The Adrian Loveridge Column – Capitalizing on the Weak British Pound

Adrian Loveridge

Adrian Loveridge

To partially offset the value of Sterling when compared to other currencies, particularly to the US Dollar, several British tour operators are becoming increasingly more creative to help cushion the holiday cost differential to their clients. Giant Thomas Cook for instance recently introduced an interest-free plan where their customers can spread the overall package price over a year when paying by debit card, rather than risk losing market share.

The consumer online and telephone comparison and switching service, uSwitch recently reported, in their words, that ‘the drop in the value of the Pound since the Brexit vote has led to many Brits blowing their 2016 summer holiday budget, with nearly three-fifths sinking into debt’.

Adding ‘families overspent by an average of GB Pounds 491.78, this summer, with nearly half (45 per cent) who blew the budget blaming the poor exchange rate for their extra spend’ and ‘one in three put the extra cost on a credit card, while one in ten put it on their overdraft’. uSwitch also concluded that ‘those who didn’t blow their budget said they curbed spending while on holiday, putting a dampener on their getaway, with nearly a fifth (19 per cent) dining out less and another one in five buying fewer gifts for friends and families’.

And perhaps the most alarming indicator for us ‘if the Pound stays low, fewer holidaymakers will book next year as nearly half (40 per cent) say they will delay going on holiday again until it becomes cheaper to buy foreign currency’.

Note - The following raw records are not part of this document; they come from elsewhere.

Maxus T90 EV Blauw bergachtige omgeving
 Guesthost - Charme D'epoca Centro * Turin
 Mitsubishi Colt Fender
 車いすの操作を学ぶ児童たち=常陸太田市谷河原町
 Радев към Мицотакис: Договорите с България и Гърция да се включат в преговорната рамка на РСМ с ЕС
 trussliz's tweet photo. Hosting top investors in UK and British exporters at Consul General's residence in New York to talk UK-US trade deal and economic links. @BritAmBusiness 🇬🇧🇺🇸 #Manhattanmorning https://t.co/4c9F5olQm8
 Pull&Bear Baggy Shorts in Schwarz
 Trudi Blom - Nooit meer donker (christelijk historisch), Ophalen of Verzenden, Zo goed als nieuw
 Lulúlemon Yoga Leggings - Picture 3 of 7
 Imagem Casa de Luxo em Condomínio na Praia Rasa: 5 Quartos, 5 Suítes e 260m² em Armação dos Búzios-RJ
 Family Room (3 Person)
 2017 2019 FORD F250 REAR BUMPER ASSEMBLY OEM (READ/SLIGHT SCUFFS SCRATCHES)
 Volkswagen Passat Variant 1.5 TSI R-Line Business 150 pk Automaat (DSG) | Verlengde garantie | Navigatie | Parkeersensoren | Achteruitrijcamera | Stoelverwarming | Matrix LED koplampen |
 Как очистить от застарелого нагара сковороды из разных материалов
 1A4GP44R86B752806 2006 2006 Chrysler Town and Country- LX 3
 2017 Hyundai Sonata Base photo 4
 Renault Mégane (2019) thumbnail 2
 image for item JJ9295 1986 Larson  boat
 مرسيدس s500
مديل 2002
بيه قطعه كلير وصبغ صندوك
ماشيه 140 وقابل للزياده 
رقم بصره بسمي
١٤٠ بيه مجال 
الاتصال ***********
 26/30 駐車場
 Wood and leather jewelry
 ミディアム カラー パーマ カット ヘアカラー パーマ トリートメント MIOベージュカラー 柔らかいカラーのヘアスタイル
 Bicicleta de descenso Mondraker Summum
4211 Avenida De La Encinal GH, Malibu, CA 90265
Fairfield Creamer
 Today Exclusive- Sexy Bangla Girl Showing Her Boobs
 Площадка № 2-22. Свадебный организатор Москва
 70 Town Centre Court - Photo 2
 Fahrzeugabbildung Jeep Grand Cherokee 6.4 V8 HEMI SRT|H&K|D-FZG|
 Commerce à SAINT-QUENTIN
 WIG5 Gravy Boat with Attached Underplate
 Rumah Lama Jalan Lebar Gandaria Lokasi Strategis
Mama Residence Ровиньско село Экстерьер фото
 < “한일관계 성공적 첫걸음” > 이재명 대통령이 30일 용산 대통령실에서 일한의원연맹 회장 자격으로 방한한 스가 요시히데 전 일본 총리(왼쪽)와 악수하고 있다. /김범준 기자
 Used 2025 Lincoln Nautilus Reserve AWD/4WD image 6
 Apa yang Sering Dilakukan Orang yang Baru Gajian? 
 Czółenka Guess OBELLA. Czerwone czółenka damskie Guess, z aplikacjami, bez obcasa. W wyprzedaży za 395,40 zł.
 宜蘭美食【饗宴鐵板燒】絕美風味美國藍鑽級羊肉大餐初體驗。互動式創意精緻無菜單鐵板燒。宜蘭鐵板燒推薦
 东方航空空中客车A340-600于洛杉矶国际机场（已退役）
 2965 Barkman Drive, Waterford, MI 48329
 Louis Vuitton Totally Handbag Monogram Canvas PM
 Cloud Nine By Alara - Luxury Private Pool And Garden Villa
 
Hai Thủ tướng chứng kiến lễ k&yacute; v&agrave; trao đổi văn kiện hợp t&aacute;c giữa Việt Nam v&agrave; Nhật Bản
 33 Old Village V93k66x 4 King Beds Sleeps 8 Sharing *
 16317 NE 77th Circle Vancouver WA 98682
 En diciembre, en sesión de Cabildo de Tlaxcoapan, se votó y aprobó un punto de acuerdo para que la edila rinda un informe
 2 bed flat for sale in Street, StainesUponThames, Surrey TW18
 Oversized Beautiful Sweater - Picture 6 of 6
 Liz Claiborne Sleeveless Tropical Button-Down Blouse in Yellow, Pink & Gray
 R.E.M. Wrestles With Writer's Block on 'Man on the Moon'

It’s a catch 22 situation for many. Tour operators systematically watch critical minimum booking numbers to justify the inclusion of any product in their offerings. Last minute bookings are often the least valuable in terms of overall profitability but the industry has of course, encouraged it over decades. As a former tour operator, we avoided this scenario like the plague, instead applying any cost saving to those willing and able to pay up front, well ahead of travel dates.

There will always be a sector of our market, irrespective of where they live, who will be almost immune to increased prices, but in the case of Barbados they are in the minority.  So my thoughts are, that especially in the case of the Brits, we need to demonstrate that better value for money can be offered. Of course, it is not always about discounting, but more about the consumer feeling that his or her purchase, whether it is accommodation, car rental, dining out, activities and attractions has been money well spent.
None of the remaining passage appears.